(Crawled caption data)
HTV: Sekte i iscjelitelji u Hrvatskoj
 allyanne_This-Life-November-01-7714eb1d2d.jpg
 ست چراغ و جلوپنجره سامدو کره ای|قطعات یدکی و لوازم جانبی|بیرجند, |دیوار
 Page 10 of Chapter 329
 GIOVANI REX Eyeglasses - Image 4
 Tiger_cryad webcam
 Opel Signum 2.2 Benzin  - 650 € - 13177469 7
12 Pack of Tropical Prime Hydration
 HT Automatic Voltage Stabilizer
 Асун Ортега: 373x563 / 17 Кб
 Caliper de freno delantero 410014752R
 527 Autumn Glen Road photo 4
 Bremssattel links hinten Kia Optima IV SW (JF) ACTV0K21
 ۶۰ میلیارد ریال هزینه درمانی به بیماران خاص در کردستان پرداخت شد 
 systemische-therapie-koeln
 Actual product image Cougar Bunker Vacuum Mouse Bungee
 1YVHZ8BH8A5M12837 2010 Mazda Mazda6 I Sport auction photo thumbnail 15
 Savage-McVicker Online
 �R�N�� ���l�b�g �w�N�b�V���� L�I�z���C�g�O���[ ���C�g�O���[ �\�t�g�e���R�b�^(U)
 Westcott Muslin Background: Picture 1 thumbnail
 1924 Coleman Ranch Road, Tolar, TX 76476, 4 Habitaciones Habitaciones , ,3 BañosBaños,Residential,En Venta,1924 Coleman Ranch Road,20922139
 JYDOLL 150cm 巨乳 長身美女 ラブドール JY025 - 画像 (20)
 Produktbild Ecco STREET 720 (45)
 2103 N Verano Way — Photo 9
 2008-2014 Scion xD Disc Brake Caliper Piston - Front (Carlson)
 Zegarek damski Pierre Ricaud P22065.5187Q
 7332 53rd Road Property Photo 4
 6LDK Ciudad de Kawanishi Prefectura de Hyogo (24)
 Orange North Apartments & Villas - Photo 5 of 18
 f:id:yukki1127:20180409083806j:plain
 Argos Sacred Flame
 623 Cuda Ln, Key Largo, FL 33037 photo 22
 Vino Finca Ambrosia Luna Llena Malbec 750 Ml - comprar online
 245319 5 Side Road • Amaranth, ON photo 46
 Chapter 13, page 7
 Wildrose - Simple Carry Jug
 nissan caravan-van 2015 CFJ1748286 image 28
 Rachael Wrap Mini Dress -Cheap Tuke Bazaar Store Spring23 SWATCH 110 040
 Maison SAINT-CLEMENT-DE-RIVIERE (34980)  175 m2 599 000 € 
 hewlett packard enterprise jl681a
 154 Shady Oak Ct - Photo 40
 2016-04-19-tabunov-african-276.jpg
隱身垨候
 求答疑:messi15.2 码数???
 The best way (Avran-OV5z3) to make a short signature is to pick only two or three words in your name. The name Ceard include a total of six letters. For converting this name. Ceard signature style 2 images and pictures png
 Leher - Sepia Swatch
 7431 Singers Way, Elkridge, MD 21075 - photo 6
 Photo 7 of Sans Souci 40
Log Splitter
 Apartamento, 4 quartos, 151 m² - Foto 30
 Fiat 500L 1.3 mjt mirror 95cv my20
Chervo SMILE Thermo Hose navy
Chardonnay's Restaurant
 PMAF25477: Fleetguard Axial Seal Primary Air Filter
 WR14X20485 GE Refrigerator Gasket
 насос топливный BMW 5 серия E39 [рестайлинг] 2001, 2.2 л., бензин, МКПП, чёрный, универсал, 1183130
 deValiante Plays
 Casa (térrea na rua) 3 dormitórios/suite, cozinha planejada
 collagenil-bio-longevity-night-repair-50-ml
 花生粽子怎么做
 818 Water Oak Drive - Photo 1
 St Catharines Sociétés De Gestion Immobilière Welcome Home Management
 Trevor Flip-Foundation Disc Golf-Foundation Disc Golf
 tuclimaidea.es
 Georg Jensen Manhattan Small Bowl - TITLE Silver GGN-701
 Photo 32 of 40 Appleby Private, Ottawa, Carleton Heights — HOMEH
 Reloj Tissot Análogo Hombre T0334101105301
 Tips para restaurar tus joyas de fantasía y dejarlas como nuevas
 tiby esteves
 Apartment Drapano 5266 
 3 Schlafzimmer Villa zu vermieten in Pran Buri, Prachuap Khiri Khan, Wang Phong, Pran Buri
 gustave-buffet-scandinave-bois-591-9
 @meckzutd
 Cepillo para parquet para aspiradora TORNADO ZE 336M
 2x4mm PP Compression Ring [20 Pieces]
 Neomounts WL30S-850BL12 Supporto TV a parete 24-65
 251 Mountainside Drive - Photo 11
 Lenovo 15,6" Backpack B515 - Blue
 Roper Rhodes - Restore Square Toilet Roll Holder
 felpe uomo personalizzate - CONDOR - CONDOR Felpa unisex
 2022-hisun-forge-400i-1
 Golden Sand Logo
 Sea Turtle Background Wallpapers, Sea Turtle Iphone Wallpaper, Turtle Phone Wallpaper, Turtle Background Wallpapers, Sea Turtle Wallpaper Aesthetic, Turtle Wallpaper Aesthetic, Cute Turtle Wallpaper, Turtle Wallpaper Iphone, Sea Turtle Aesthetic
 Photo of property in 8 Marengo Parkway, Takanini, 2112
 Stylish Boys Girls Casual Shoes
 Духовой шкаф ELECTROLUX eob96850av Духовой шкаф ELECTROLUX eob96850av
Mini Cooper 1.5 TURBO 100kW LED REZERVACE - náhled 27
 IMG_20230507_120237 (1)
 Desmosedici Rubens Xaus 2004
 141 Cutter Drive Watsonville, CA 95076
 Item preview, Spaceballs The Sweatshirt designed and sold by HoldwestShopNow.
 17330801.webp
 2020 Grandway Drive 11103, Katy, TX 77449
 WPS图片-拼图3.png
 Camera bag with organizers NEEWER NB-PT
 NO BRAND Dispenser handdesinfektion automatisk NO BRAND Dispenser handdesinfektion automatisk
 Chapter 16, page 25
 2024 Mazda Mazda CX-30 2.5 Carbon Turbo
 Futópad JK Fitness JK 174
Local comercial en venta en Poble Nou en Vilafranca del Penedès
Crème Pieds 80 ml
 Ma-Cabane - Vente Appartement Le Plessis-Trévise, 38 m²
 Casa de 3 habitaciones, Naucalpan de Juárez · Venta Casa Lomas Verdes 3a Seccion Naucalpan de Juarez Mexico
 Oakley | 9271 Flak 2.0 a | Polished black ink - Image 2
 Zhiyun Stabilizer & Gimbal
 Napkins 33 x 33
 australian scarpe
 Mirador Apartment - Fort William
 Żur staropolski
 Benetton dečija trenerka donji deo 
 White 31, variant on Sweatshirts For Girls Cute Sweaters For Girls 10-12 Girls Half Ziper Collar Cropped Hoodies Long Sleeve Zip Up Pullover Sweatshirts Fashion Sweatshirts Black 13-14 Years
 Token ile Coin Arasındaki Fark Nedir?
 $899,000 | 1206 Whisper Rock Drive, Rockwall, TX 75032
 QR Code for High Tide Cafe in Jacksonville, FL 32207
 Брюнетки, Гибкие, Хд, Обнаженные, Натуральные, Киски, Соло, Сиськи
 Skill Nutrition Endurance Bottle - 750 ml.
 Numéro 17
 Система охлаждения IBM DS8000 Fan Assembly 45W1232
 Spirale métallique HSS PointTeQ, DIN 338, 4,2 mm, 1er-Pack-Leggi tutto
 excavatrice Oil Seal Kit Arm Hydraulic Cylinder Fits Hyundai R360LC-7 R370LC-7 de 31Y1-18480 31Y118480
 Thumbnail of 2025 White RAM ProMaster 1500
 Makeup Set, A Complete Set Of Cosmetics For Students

__WORK INSTRUCTION__. What number of lines in the data contain the word "Background"? Give the number and nothing else.

__RESPONSE TO THIS EXERCISE__. 2